Не потому, что это было легко и прибыльно – нет.
А потому, что приход в этот мир новой жизни, казался мне самым главным требованием, что может сделать человек.
Наш дом стоял на окраине Лодзи, там, где за окнами начинались поля, а весной так звенели жаворонки, что казалось – само небо поёт.
Муж работал на фабрике. Дети – двое сыновей и дочь – носились по двору, сбивая пыль, как ветреные кони.
Жизнь шла неторопливо и прочно, как сшитая вручную теплая рубашка: стежок за стежком, день за днём.
Я принимала роды – иногда в домах, где пахло свежей выпечкой и ладаном, иногда в тесных, прокуренных комнатах рабочих кварталов, где дети рождаются не в тишине, а под скрип кроватей и криками старших братьев.
Не было разницы. Новая жизнь всегда пахла одинаково – молоком, кровью и надеждой.
Каждое новорождённое дыхание я воспринимала как тяжёлую победу.
Я держала на ладонях новорождённого – и благодарила Бога за это чудо.
Это был мой мир. Мир, в котором жизнь побеждала.
И я думала, что так будет всегда.
Но в 1939 году воздух словно задрожал.
По улицам пошли слухи.
Женщины шептались, оглядываясь через плечо: «Война…»

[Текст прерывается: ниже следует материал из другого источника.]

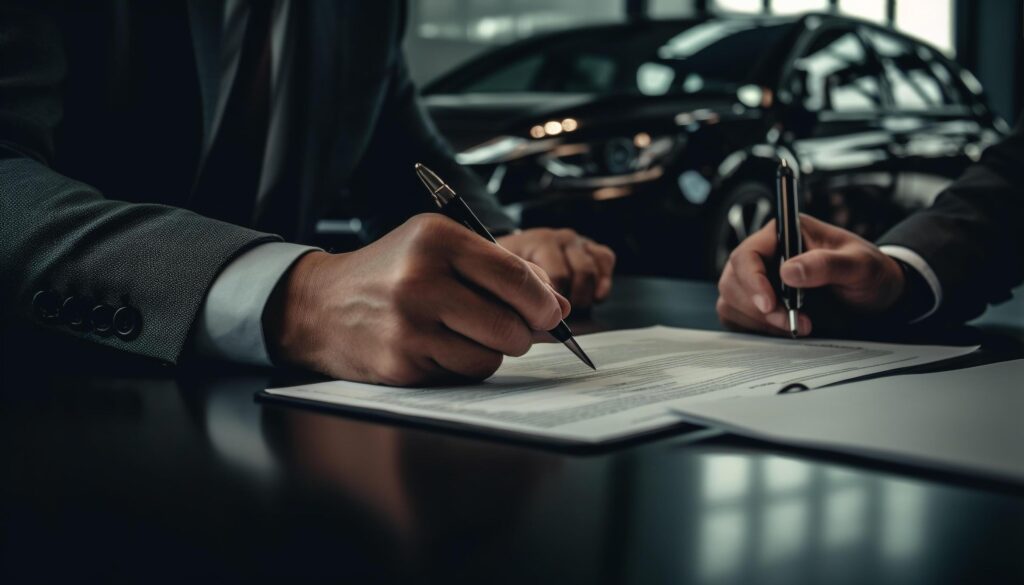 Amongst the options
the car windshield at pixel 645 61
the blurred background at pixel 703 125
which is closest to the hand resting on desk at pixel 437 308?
the blurred background at pixel 703 125

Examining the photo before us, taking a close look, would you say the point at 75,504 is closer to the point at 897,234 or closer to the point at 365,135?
the point at 897,234

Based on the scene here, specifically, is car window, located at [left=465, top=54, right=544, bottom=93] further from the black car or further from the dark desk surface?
the dark desk surface

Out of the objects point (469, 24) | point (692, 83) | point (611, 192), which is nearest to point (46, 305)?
point (611, 192)

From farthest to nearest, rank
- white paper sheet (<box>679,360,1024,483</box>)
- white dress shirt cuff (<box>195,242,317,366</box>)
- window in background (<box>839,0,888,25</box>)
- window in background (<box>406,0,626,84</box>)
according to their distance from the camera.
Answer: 1. window in background (<box>839,0,888,25</box>)
2. window in background (<box>406,0,626,84</box>)
3. white dress shirt cuff (<box>195,242,317,366</box>)
4. white paper sheet (<box>679,360,1024,483</box>)

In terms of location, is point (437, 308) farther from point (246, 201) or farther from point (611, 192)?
point (611, 192)

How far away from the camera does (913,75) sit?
14.0ft

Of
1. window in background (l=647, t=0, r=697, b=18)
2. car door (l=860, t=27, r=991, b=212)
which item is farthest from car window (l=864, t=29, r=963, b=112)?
window in background (l=647, t=0, r=697, b=18)

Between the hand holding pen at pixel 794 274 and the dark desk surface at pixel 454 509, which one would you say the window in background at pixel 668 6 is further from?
the dark desk surface at pixel 454 509

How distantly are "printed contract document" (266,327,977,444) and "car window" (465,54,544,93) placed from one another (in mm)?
3026

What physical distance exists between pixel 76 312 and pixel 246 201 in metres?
0.60

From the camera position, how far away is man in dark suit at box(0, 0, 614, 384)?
662mm

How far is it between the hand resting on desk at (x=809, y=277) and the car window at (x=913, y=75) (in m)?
3.32

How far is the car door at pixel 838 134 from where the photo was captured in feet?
11.4

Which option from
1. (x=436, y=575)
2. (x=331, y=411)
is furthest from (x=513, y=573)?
(x=331, y=411) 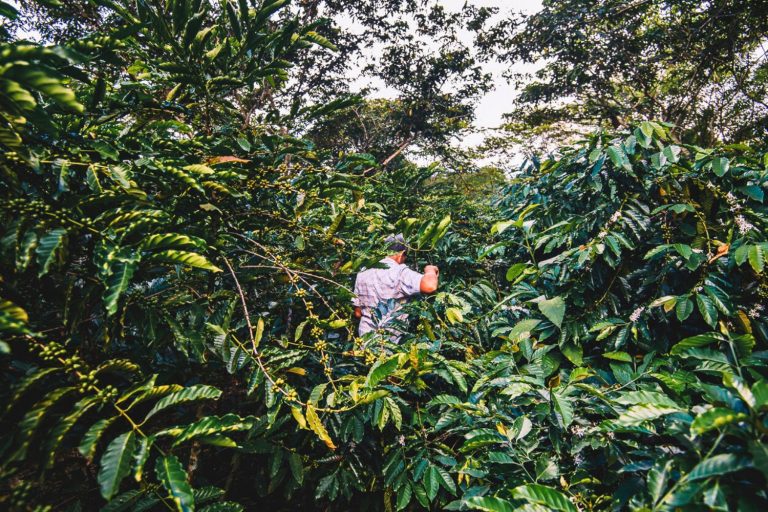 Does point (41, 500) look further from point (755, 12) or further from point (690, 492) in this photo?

В аптеке я услышала: «Говорят, немцы уже на границе».
А дома вечером муж мрачно молчал, долго не зажигая лампу.
Я обняла детей, мне хотелось сохранить их тепло навсегда.
Всё менялось незаметно. На улицах стали появляться люди в форме, затем пошли первые аресты: за разговоры и помощь евреям.
А я продолжала принимать роды. Когда женщина стонала от боли, мне было всё равно – катится ли мир в пропасть или рушатся небеса.
В эту минуту существовало только одно: ее дыхание, ее сердце, ее малыш, который стремится родиться, несмотря ни на что.
И я, стоящая рядом, была последним мостом между жизнью и смертью.
Но однажды пришли и за мной. Не в больницу, не на работу, а домой.
Поздним вечером, когда в окнах уже дрожала синяя лунная ночь.
Я услышал тяжёлый стук в двери. Муж поднялся, бледный, на дрожащих ногах. Где-то внутри мы уже всё знали.
Они забрали нас всех вместе. Меня, Сильвию, сыновей Станислава и Генрика.
После допросов нас разделили. Сильвия осталась со мной.
Сыновей – отправили на каторжные работы в Маутхаузен. (Каменоломни под открытым небом).
Я не знала, что будет с ними и даже не успела поцеловать их на прощание.
Только стояла в коридоре, задыхаясь от страха, чувствуя, как подламывается земля под ногами.
Муж… Муж остался там, в Лодзи, на свободе. Где-то в городе, полный облав и криков.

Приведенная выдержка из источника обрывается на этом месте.